Seus inimigos diziam horrores, declarando-o sanguinário e ladravaz. Seus serviços de campanha o elevaram enormemente perante a Nação. Tomando assento no Senado da República, era o famoso General Pinheiro Machado. Amigo de Floriano, conspirou contra Prudente de Morais. Anulado Glicério, o General das 21 brigadas, animou-se a ser chefe. Não era inferior a Glicério, que comandara galhardamente as 21 Brigadas.

Entusiasmou-se pela possibilidade de chefiar um partido. Pôs-se a pensar: “Dirigir um partido, governar um povo! Que há nisto de sobreumano? Não governo eu, porventura, a minha estância, com acerto, sobrando-me tempo e reflexão para fazer bons negócios, em que nunca saio perdendo? Aceito a chefia e serei mais chefe, mais dono, mais mandão do que o Glicério – que os gaúchos são os primeiros homens de todo o Brasil. É preciso, sobretudo, que quem mande seja eu, e só eu, tal qual na estância. Terei auxiliares, homens de confiança – que a gente não pode saber tudo. Na estância também os tenho, um para cada especialidade. E, afinal, o país é uma grande estância, o povo é o gado que a gente esfola, tosquia, carneia, encilha, cavalga; os deputados, senadores, ministros, altos funcionários, são os capatazes, os peões; eu serei o dono, o estancieiro; conferenciarei com os meus capatazes, darei ordens, que estes farão cumprir à risca”.

Investido nas funções de chefe de partido, começou o General Pinheiro, ardiloso e sagaz, por chamar junto a si os homens que estavam em condições de lhe prestar serviços, orientando-o sobre as coisas da política nacional, “que a gente não pode saber tudo”. Aos adversários de valor, tratava com cavalheirismo e servia desinteressadamente, dispensando-lhes cortesia. Senhor da situação, não lhe foi difícil chamar aos seus antigos inimigos para junto de si. Foi assim que teve como amigos seus, da maior intimidade, entre outros, Rui Barbosa e Alexandrino de Alencar.

Bem cercado, só havia um embaraço: eram as eleições. Mas ele queria ser o único eleitor. Embora elas continuassem a existir, a última palavra seria dele. Os fatos provaram, categoricamente, que em verdade era assim. Em todo o país, houve a certeza de que a eleição no Brasil não passava de simples burla ou farsa dispendiosa. Não se disputava pleito junto aos eleitores, mas perante o chefão.

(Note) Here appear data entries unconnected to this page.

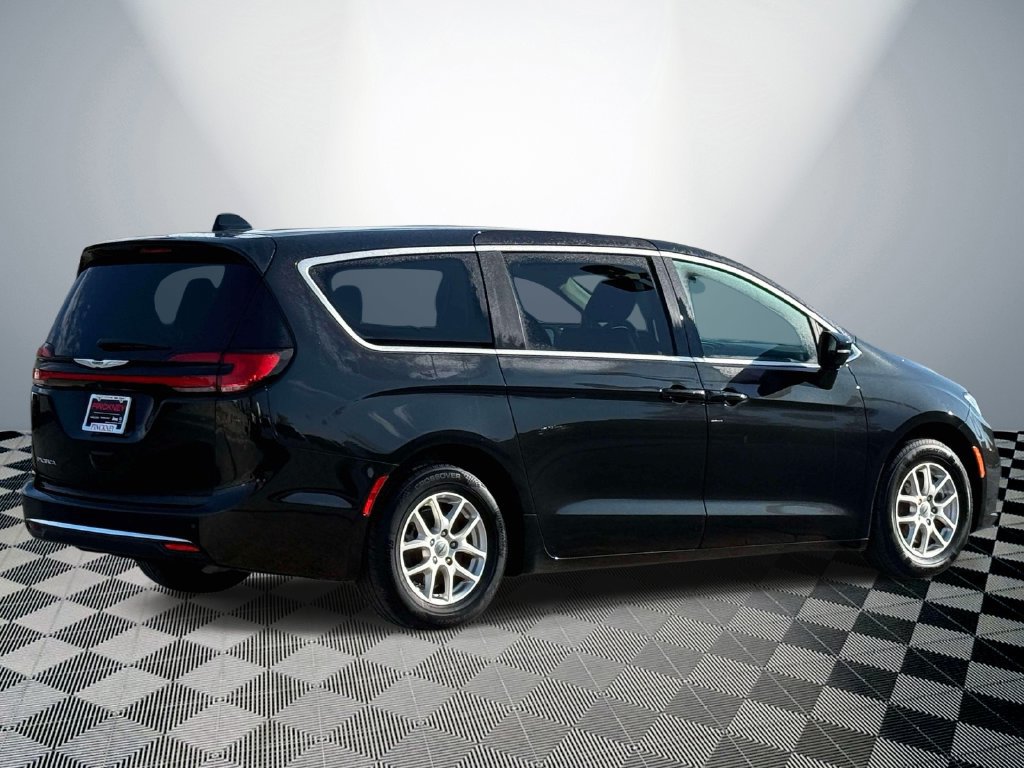 Used 2023 Chrysler Pacifica Touring-L FWD image 6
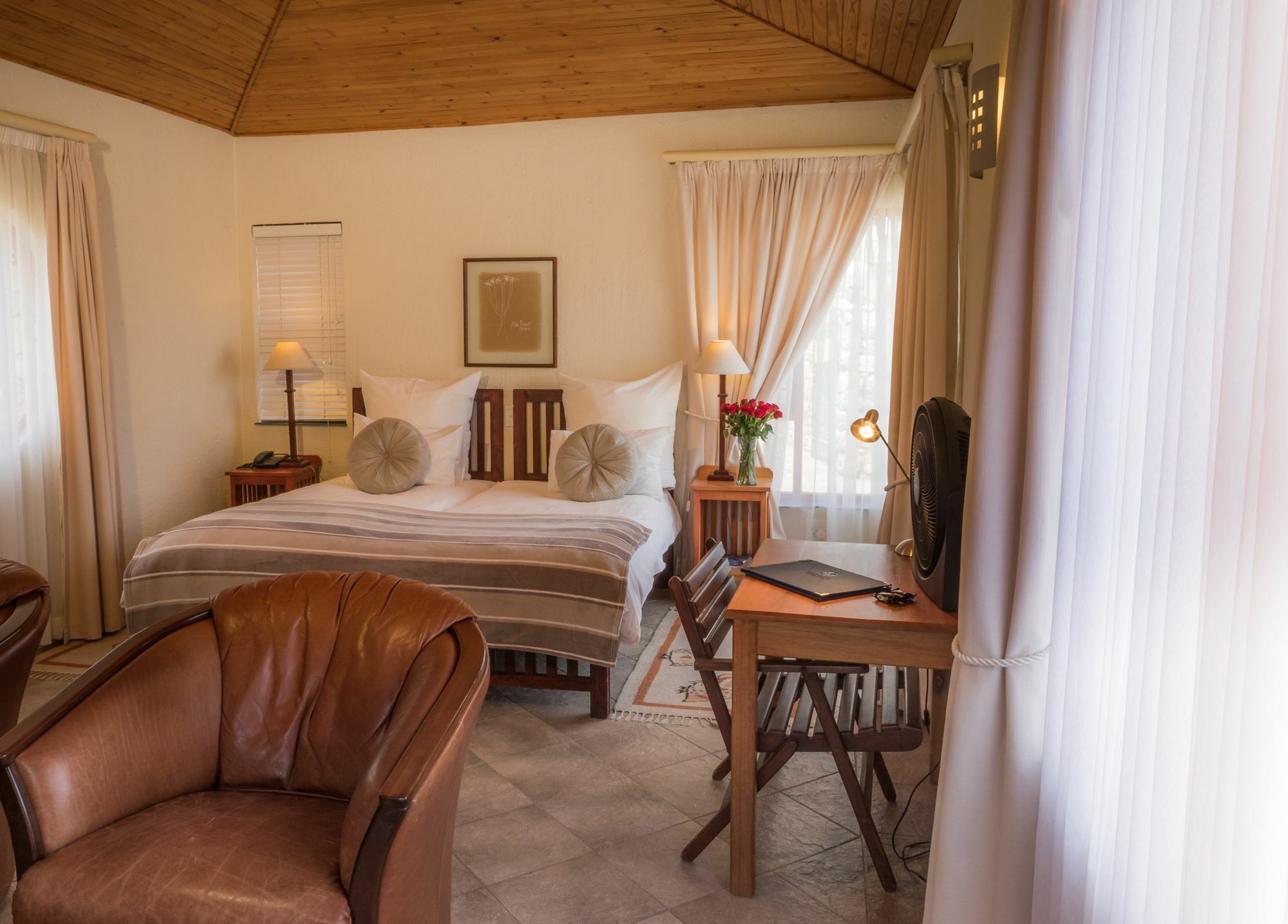 Roessmund Lodge 스바코프문트 외부 사진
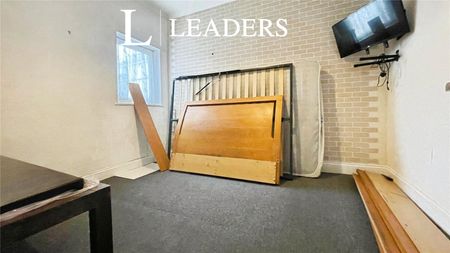 2 bedroom apartment to rent St. Helens Road, Westcliff-on-Sea, SS0 - Photo 3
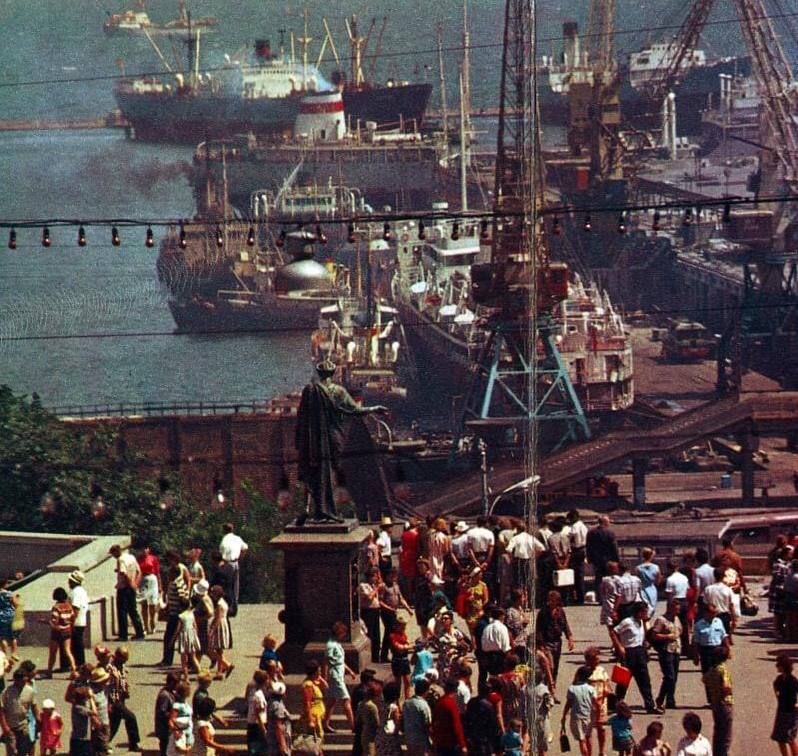 Пришло время для нашей постоянной рубрики #odessa_old Пришло время для нашей постоянной рубрики #odessa_old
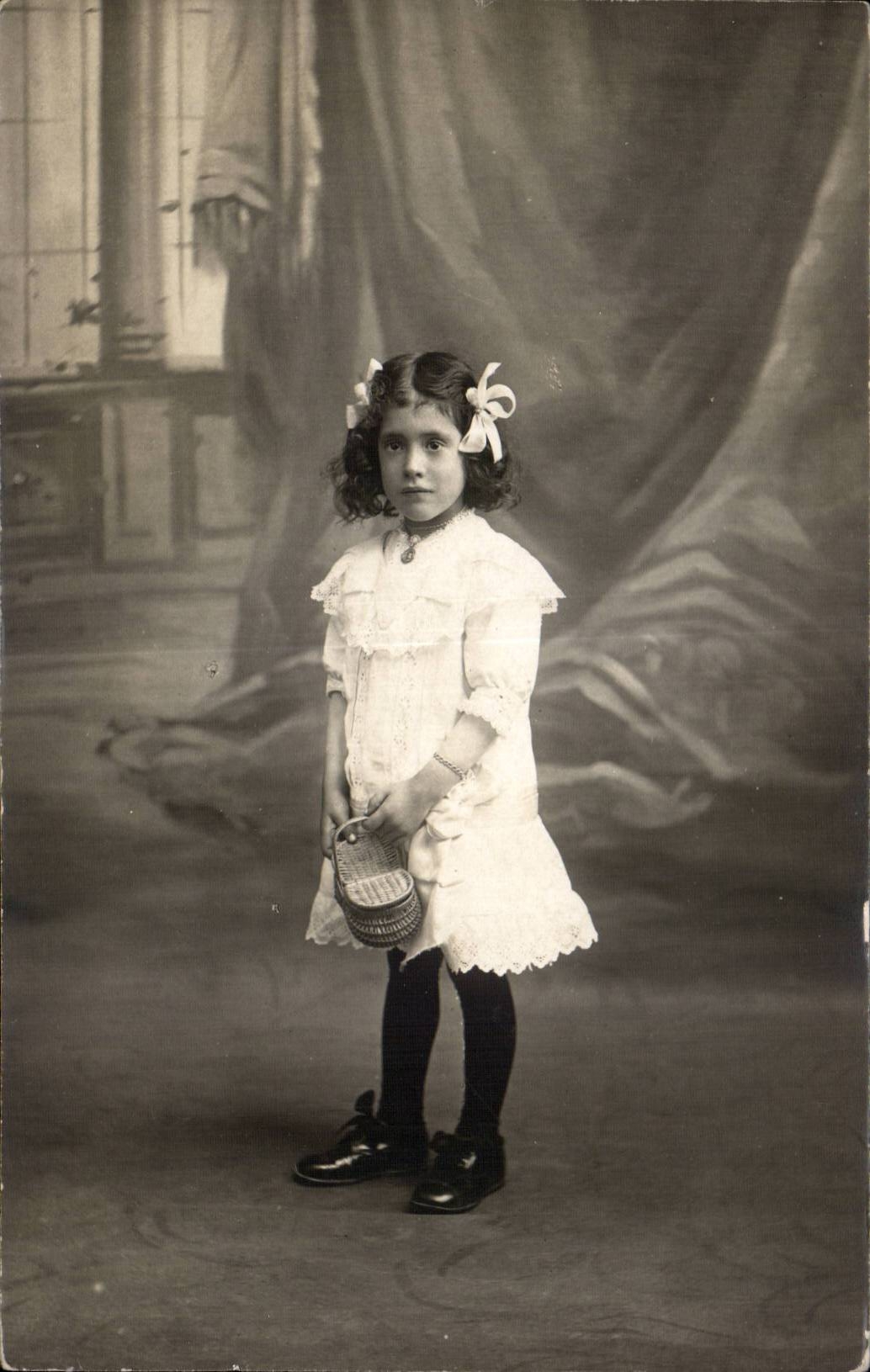 Fantaisie - Enfants - Little girl with bows in hair CARTE PHOTO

Era um espetáculo deprimente ver cabeças encanecidas se humilhando para obter o seu beneplácito. Apenas a Imprensa o não louvava. Logo se tornou odiado. Rasgou o diploma de Senador por Alagoas conferido a J.J.Seabra e, depois, obtido por José Bezerra no Pernambuco. Crescia a tendência à eliminação do tirano. Tanto que, ao saber de seu assassinato, o comentário corrente era: - “Que alívio! A terra lhe seja leve, com o Pão de Açúcar em cima...”.

Contam que Wenceslau Braz, indignado contra Manso Coimbra, foi até à detenção e, diante da cela do homicida, exclamou: - “Bandido! Hei de levar-te à forca, miserável! Eu mesmo é que quero estrangular-te com estas mãos, para vingar a morte do meu melhor amigo!”.

Em seguida, gritou: - “Saiam! Saiam todos daqui, pois quero falar a sós com este bandido!”.

Assim que lhe deram as costas, atirou-se, de cara alegre, sobre Manso Coimbra: - “Venho trazer-te num abraço os meus aplausos, grande cidadão e preclaro amigo! Livraste-me daquela peste! Vê lá o que queres, que nada te faltará!”.

E isso é explicável. Quando um homem atinge a culminância do poder e abusa, cria em torno de si legiões de inimigos. Não pelo mal que lhes haja feito, mas por inveja e despeito. É biológico. Todo organismo vivo pende, naturalmente, para a destruição dos outros organismos que o sobrepujam em vitalidade. Tiranetes de nossos dias não aprendem com a história. Esta se repete, quase sempre como farsa ridícula e medíocre.